36 330 Voorstel voor een verordening van de Raad betreffende de rechterlijke bevoegdheid, het toepasselijke recht, de erkenning van beslissingen en de aanvaarding van authentieke akten inzake afstamming en betreffende de invoering van een Europese akte van afstamming

C BRIEF VAN VICEVOORZITTER ŠEFČOVIČ VAN DE EUROPESE COMMISSIE EN LID REYNDERS

Aan de voorzitter van de vaste commissie voor Justitie en Veiligheid

Cc: Aan de Voorzitter van de Eerste Kamer der Staten-Generaal

Brussel, 12 juni 2023

De Commissie dankt de Eerste Kamer voor haar advies en de daarin opgenomen vragen van de leden van de Partij voor de Vrijheid (PVV) over het voorstel voor een verordening betreffende de rechterlijke bevoegdheid, het toepasselijke recht, de erkenning van beslissingen en de aanvaarding van authentieke akten inzake afstamming en betreffende de invoering van een Europese akte van afstamming (COM (2022) 695 final).

Wat betreft het aantal gevallen waarin zich gedurende de afgelopen vijf jaar, per jaar en per lidstaat problemen hebben voorgedaan in verband met de erkenning van de ouderlijke verantwoordelijkheid, het omgangsrecht, het erfrecht en de naam, geldt dat dergelijke gedetailleerde gegevens alleen ter beschikking zouden kunnen worden gesteld, indien deze door de lidstaten worden verzameld.
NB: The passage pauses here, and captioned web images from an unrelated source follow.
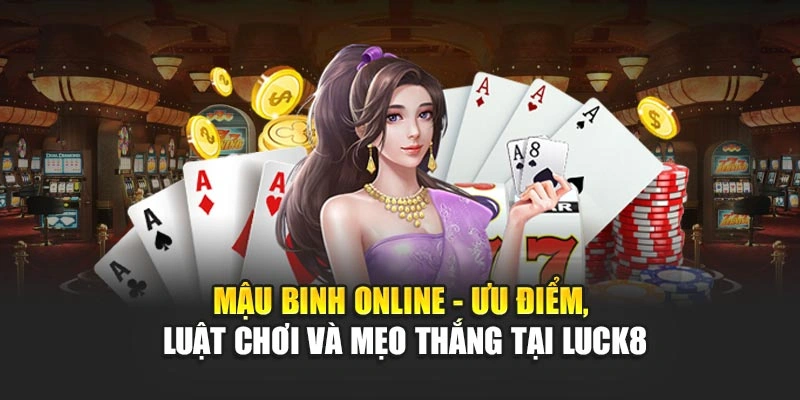mau-binh-online-uu-diem-luat-choi-va-meo-thang-tai-luck8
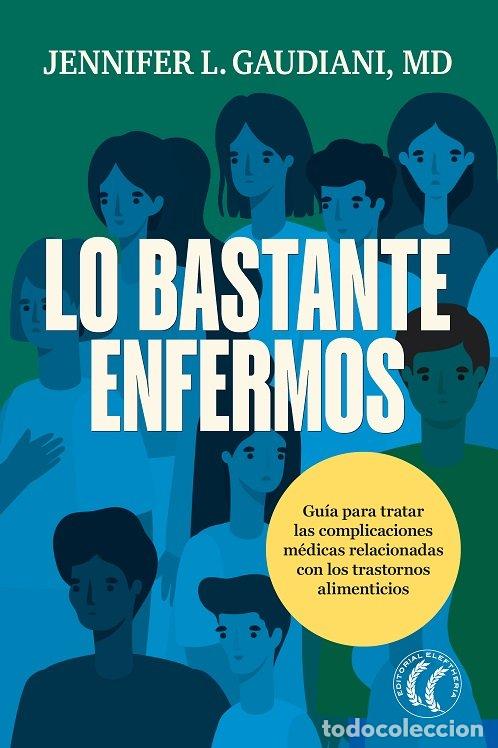 books: LO BASTANTE ENFERMOS - GAUDIANI, JENNIFER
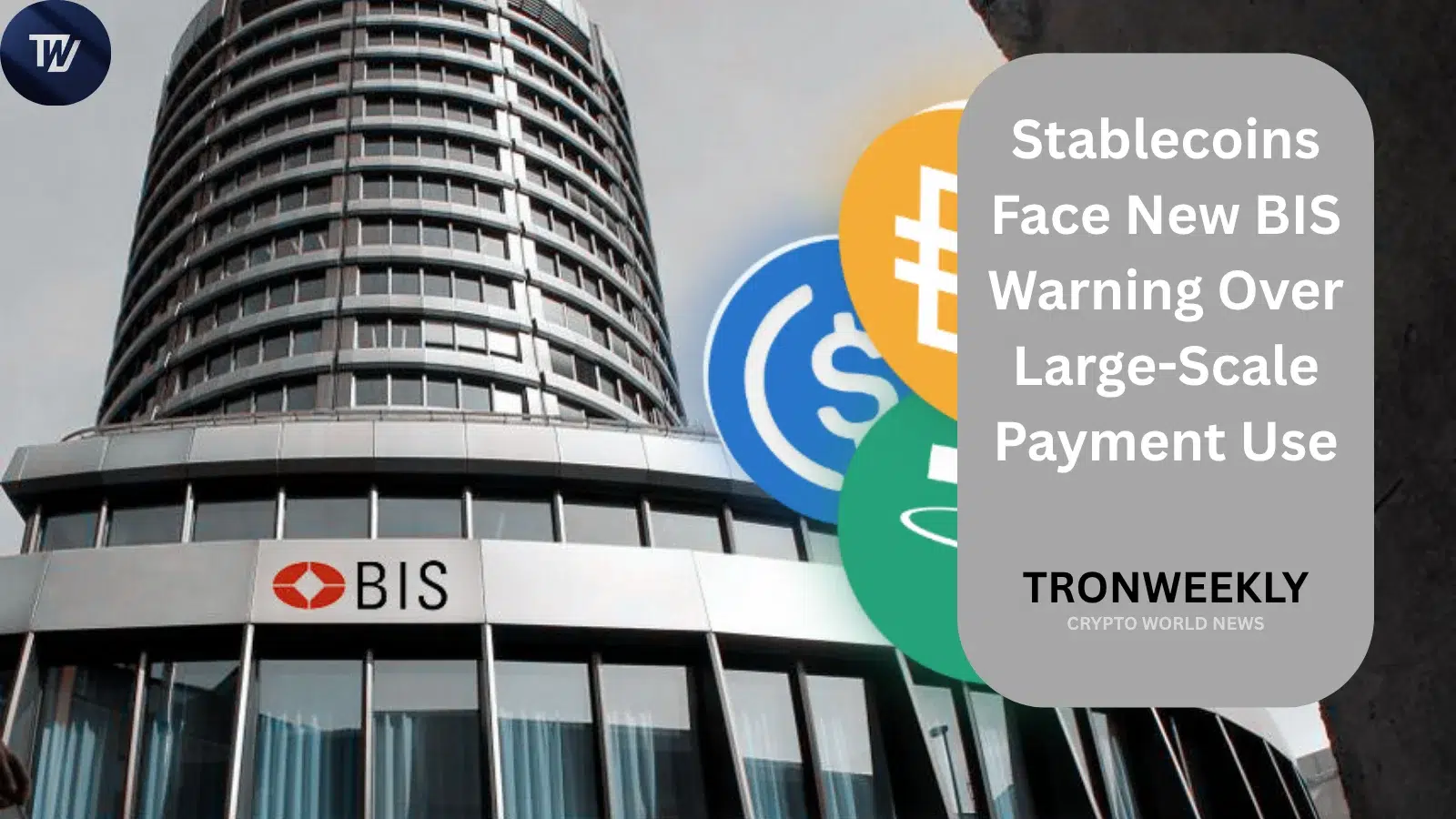 Stablecoins Face New BIS Warning Over Large-Scale Payment Use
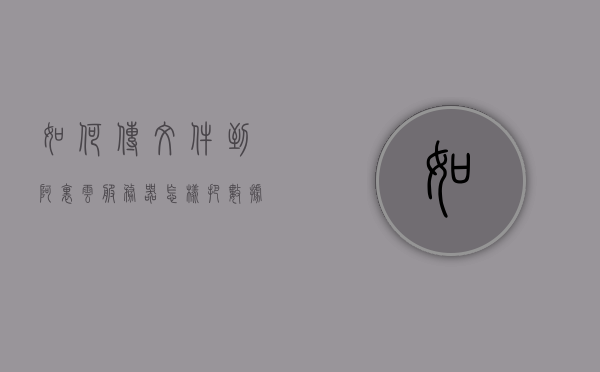 如何传文件到阿里云服务器（怎样把数据传到阿里云服务器中?），如何将文件传输到阿里云服务器中？详细步骤解析，详细步骤解析，如何上传文件至阿里云服务器？全攻略分享！，阿里云服务器文件传输全攻略，详细步骤解析上传文件至阿里云服务器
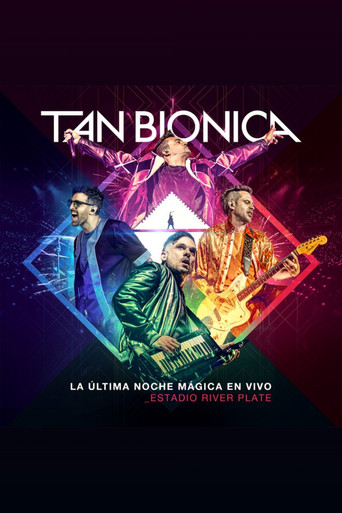 Movie poster for Tan Bionica: La Última Noche Mágica En Vivo - Estadio River Plate (2023)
Dit is momenteel in de meeste lidstaten, waaronder Nederland, niet het geval.

Burgers brengen de Commissie en het Europees Parlement echter regelmatig op de hoogte van de problemen waarmee zij worden geconfronteerd bij de erkenning van afstamming, waaruit overeenkomstig het nationale recht de ouderlijke verantwoordelijkheid, het omgangsrecht of het erfrecht worden afgeleid.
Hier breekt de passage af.